Lines outside the range are not wanted. Give again exactly the lines between the line holding "Controlador USB V-one" and the line holding "Huang Jing Di", inclusive, from the listing below.

Available records
+ + + +

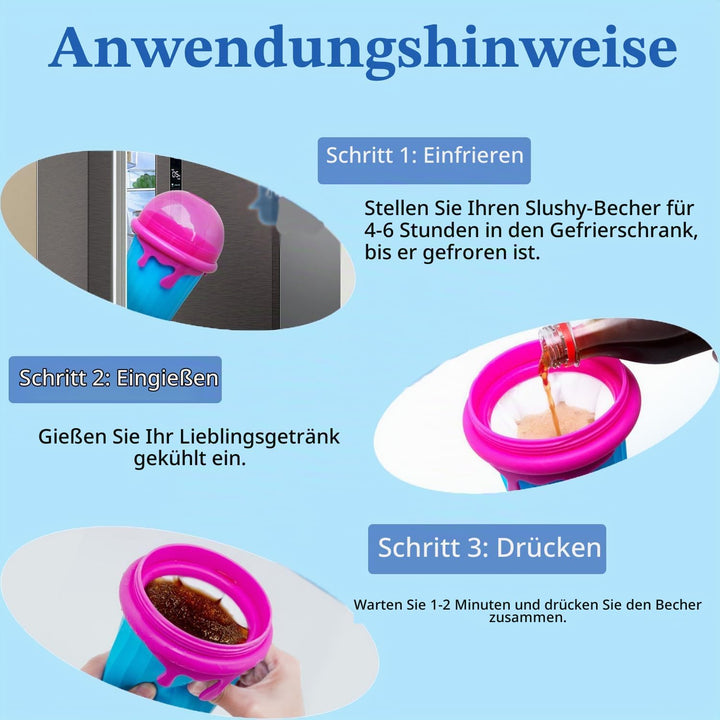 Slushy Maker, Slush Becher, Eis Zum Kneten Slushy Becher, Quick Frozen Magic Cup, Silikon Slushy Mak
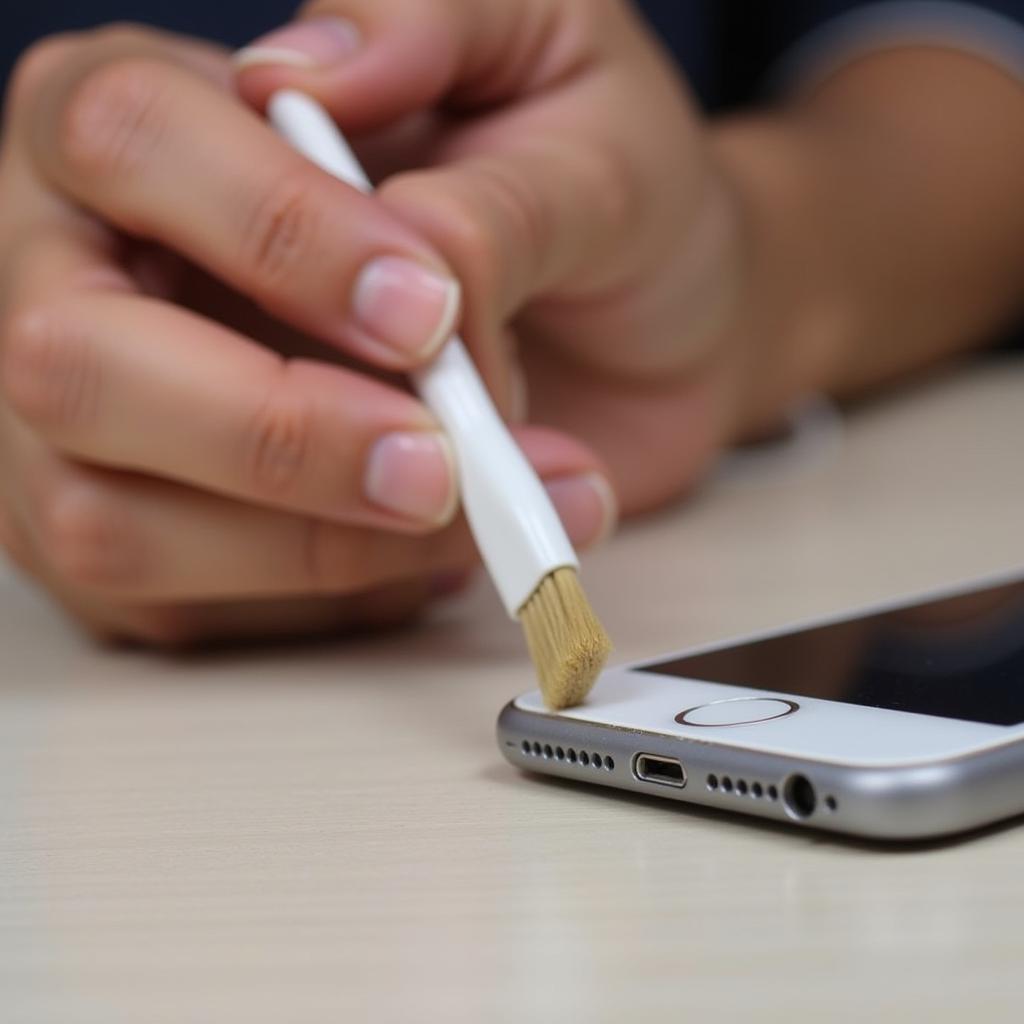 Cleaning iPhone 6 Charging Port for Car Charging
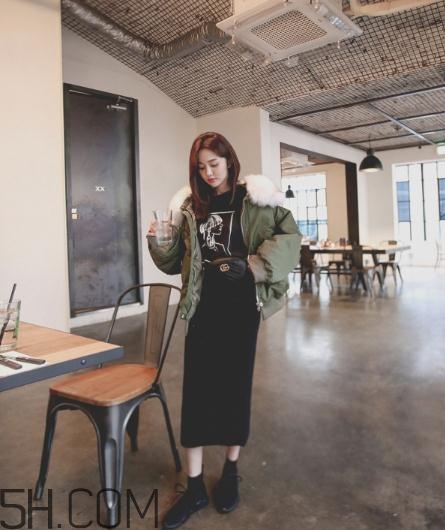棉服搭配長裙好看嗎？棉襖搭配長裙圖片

+ + + +

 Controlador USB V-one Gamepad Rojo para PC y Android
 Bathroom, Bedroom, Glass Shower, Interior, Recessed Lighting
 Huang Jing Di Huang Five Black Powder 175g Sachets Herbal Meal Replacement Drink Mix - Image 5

+ + + +

Result for this exercise
 Controlador USB V-one Gamepad Rojo para PC y Android
 Bathroom, Bedroom, Glass Shower, Interior, Recessed Lighting
 Huang Jing Di Huang Five Black Powder 175g Sachets Herbal Meal Replacement Drink Mix - Image 5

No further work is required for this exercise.